Everything except the pictures should be printed exactly as it appears in the records.

··········

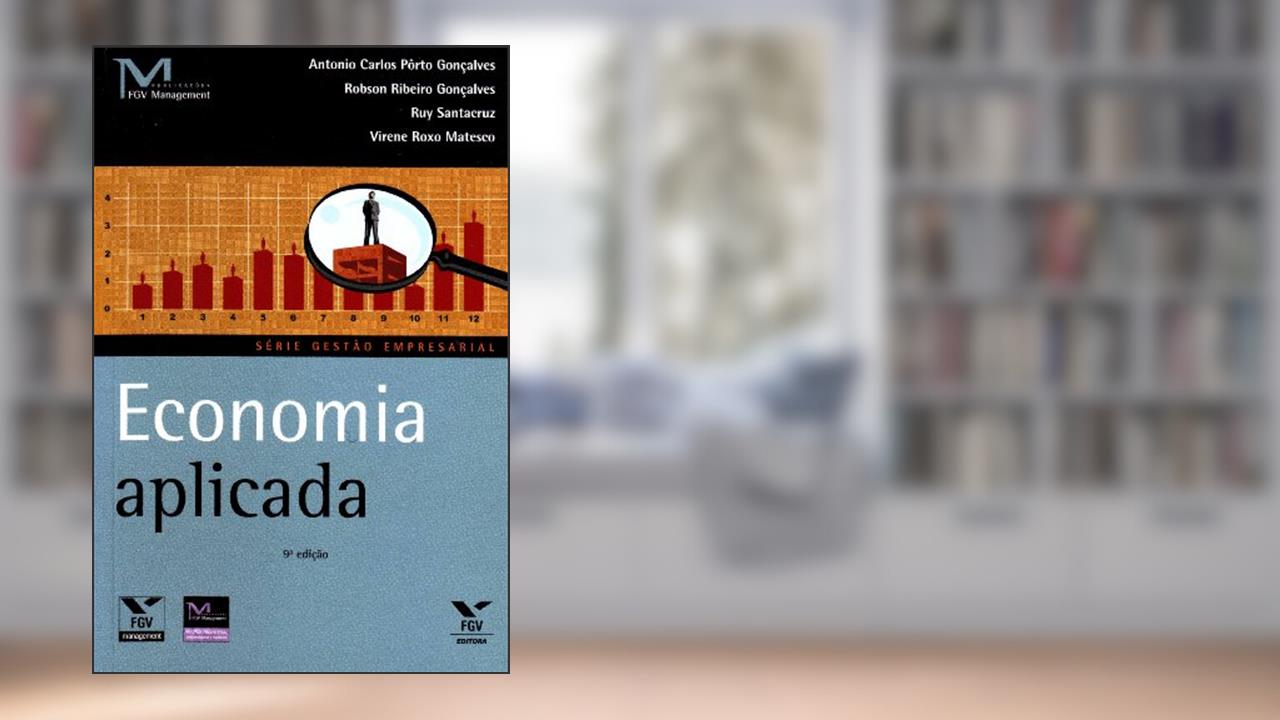 Capa de Economia Aplicada, do autor Antonio Carlos Pôrto Gonçalves; Robson Ribeiro Gonçalves; Ruy Afonso de Santacruz Lima; Virene Roxo Matesco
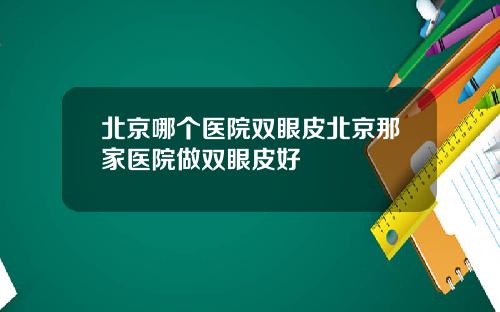 北京哪个医院双眼皮北京那家医院做双眼皮好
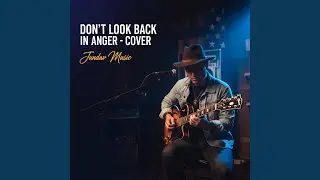 DON'T LOOK BACK IN ANGER BLUES ROCK VERSIONS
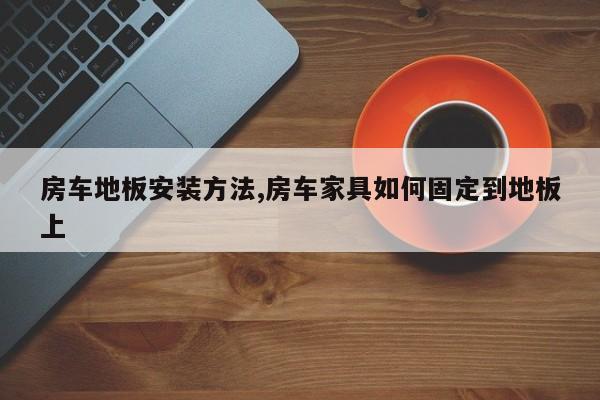 房车地板安装方法,房车家具如何固定到地板上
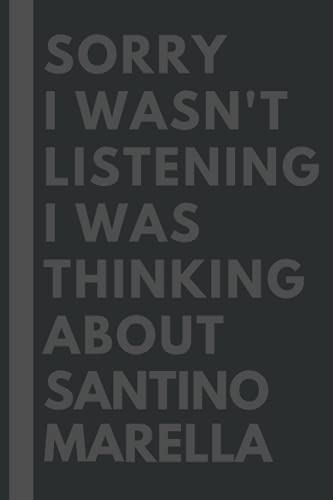 Sorry I wasn't listening I was thinking about Santino Marella: Lined Journal Notebook Birthday Gift for Santino Marella Lovers: (Composition Book Journal) (6x 9 inches)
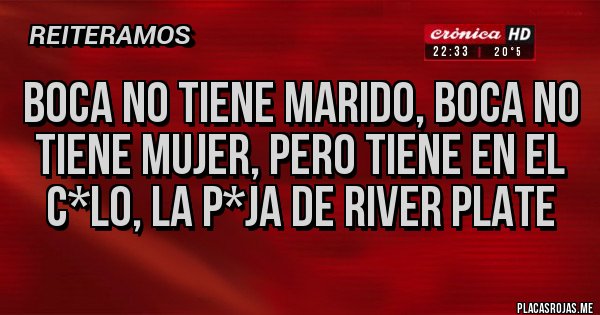 Placas Rojas - Boca no tiene marido, Boca no tiene mujer, pero tiene en el c*lo, la p*ja de River Plate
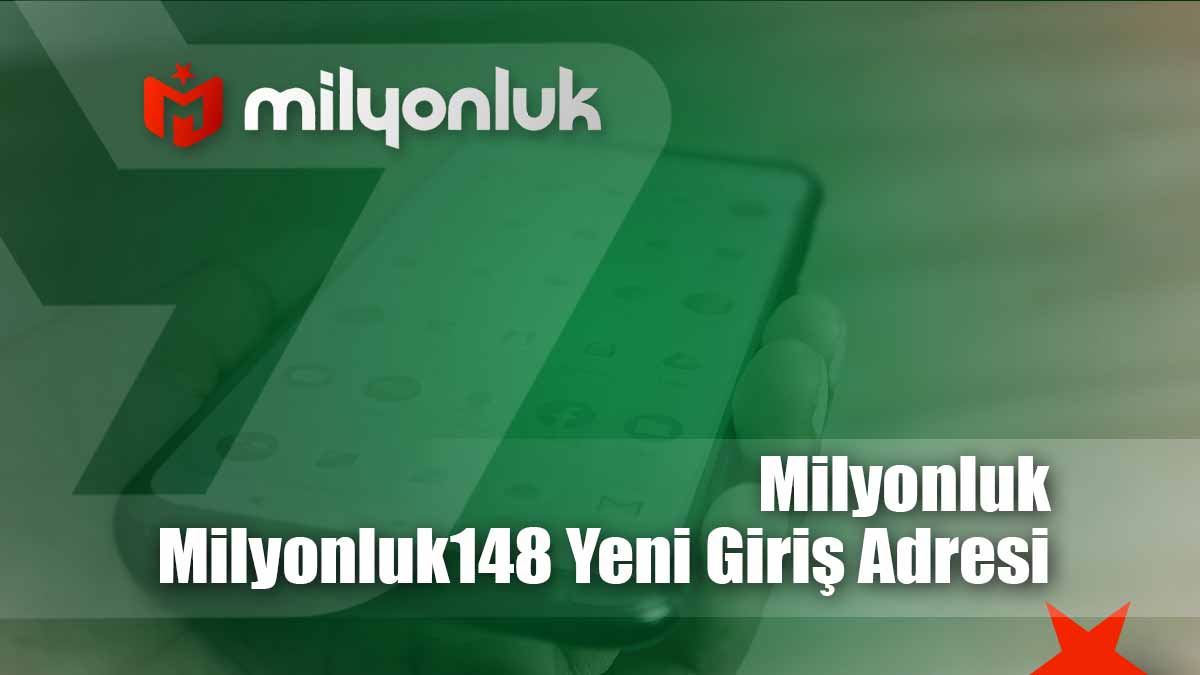 milyonluk148 yeni giris adresi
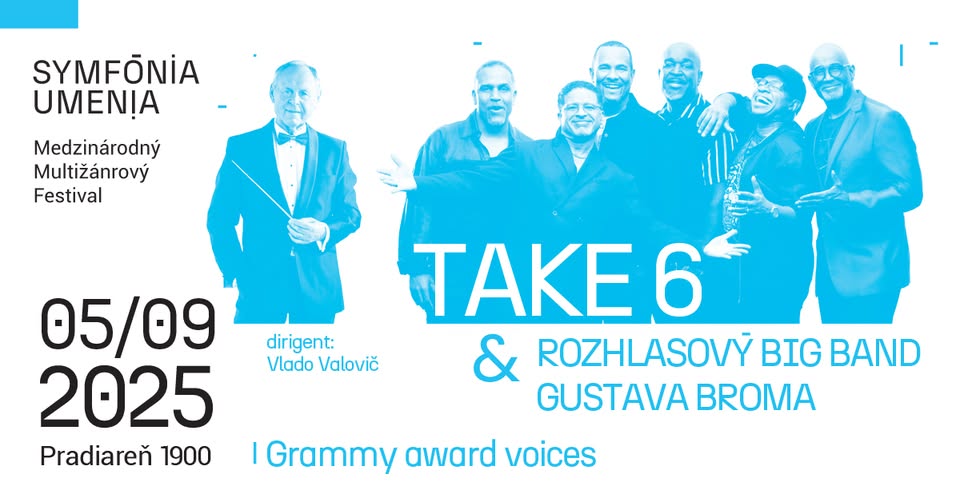 TAKE 6 & Rozhlasový Big Band Gustava Broma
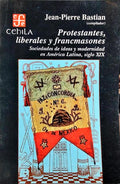 PROTESTANTES, LIBERALES Y FRANCMASONES.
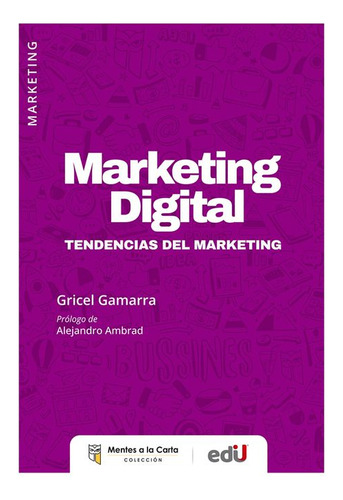 Libro Marketing Digital: Tendencias Del Marketing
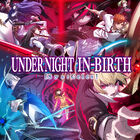 UNIシリーズ最新作「UNDER NIGHT IN-BIRTH II Sys:Celes」本日発売！「虚ろの夜」の物語は最終章へ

··········

# Task result
 Capa de Economia Aplicada, do autor Antonio Carlos Pôrto Gonçalves; Robson Ribeiro Gonçalves; Ruy Afonso de Santacruz Lima; Virene Roxo Matesco
 北京哪个医院双眼皮北京那家医院做双眼皮好
 DON'T LOOK BACK IN ANGER BLUES ROCK VERSIONS
 房车地板安装方法,房车家具如何固定到地板上
 Sorry I wasn't listening I was thinking about Santino Marella: Lined Journal Notebook Birthday Gift for Santino Marella Lovers: (Composition Book Journal) (6x 9 inches)
 Placas Rojas - Boca no tiene marido, Boca no tiene mujer, pero tiene en el c*lo, la p*ja de River Plate
 milyonluk148 yeni giris adresi
 TAKE 6 & Rozhlasový Big Band Gustava Broma
 PROTESTANTES, LIBERALES Y FRANCMASONES.
 Libro Marketing Digital: Tendencias Del Marketing
 UNIシリーズ最新作「UNDER NIGHT IN-BIRTH II Sys:Celes」本日発売！「虚ろの夜」の物語は最終章へ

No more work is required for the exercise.